Jabba's Palace: The Star Jewel limped into its docking bay and sat on its charred landing gear before the gear gave way and the craft fell onto the bay itself. From the main entrance, Jabba emerged flanked by his gamorrean guards as around him, the members of his court also flooded out. Once they were gone, a roar filled the air as the Chariot LAV emerged and coasted to a halt. Neva Kee, Kirby, Zoda, Treadwell, and Zobba emerged and Zoda flipped open the hood to look at the damage.

"Can you fix it?" asked Neva hopeful. The inside was a mess as everything had gotten rattled during the various crashes the ship had faced. "I'd rather have a quick getaway vehicle if Jabba decides to rescind his generosity."

"I'll have to," he reasoned helplessly. "Kirby, Treadwell, let's get to work."

"Right," came the response from the puffball as Treadwell revved its motor.

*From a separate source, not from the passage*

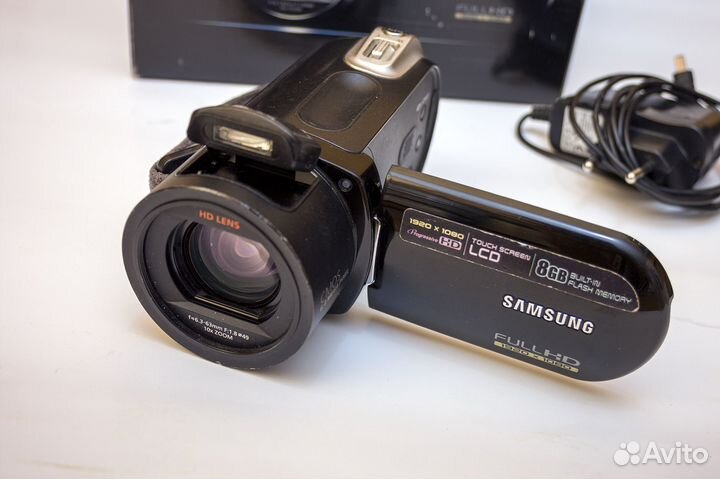 Видеокамера Samsung Full HD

Neva nodded and motioned to Zobba to follow him and the two went further into the palace. The two went down various corridors and hallways, each more decadent and diseased than the next, before emerging in Jabba's wardroom.

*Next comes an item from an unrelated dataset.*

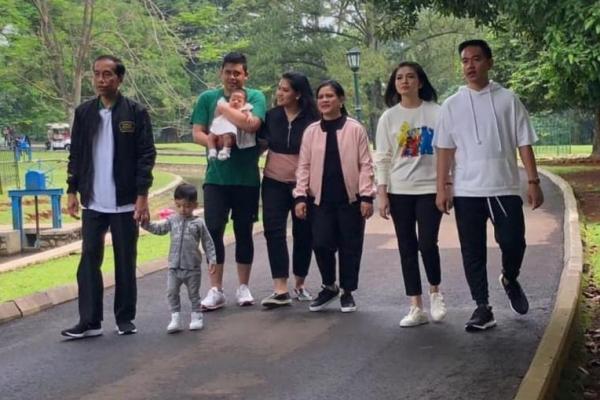 Jika sedang tidak bertugas, saat akhir pekan Presiden Jokowi kerap mengunggah foto kebersamaan dengan keluarga.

It was a dark room to say the least, the only light coming from the various consoles that adorned the room. The Hutt for his part was in front of his 3-D holographic imager accompanied by his advisors and was talking with them in hushed tones. Zobba looked around at the various monitors, but as soon this Hutt focused on any monitor in particular, it shot off. But then as soon as he looked away it shot back on.

"Oh," said Zobba at a bit of a loss. He tried to look at another monitor but got the same results. "Hmmm…."

Neva Kee for his part had no trouble looking at the monitors as they didn't shut off for him.

"Nice armament Jabba, you could probably take over a good chunk of the galaxy with this stuff," the diplomat was forced to admit as he read the various scrolling displays. Jabba's head snapped up at hearing that and watched with surprise at the diplomat reading his displays.

"How are you doing that?" the Hutt questioned curious. "Those displays are not to show to a user if their retina scans do not match up with the files on hand."

"We all have our secrets," said the diplomat with a brief chuckle as his pure red eyes seemed even more eerie in the relative darkness. The Hutt shook it off as he knew the diplomat wasn't one to use that information to his advantage in a way that would cause him detrimental damage unless he deserved it.

"So he has two devices here and here?" the Hutt continued as Neva Kee hopped up and sat on the side of the imager as Zobba silently approached and looked wide-eyed at the display. Two dots appeared in the lava flows on opposite sides of the planet.

"Aye-firmative," responded the diplomat. "The problem being that Zoda and I are masters of the sky, mostly masters of the land, and have nothing to do with anything below ground."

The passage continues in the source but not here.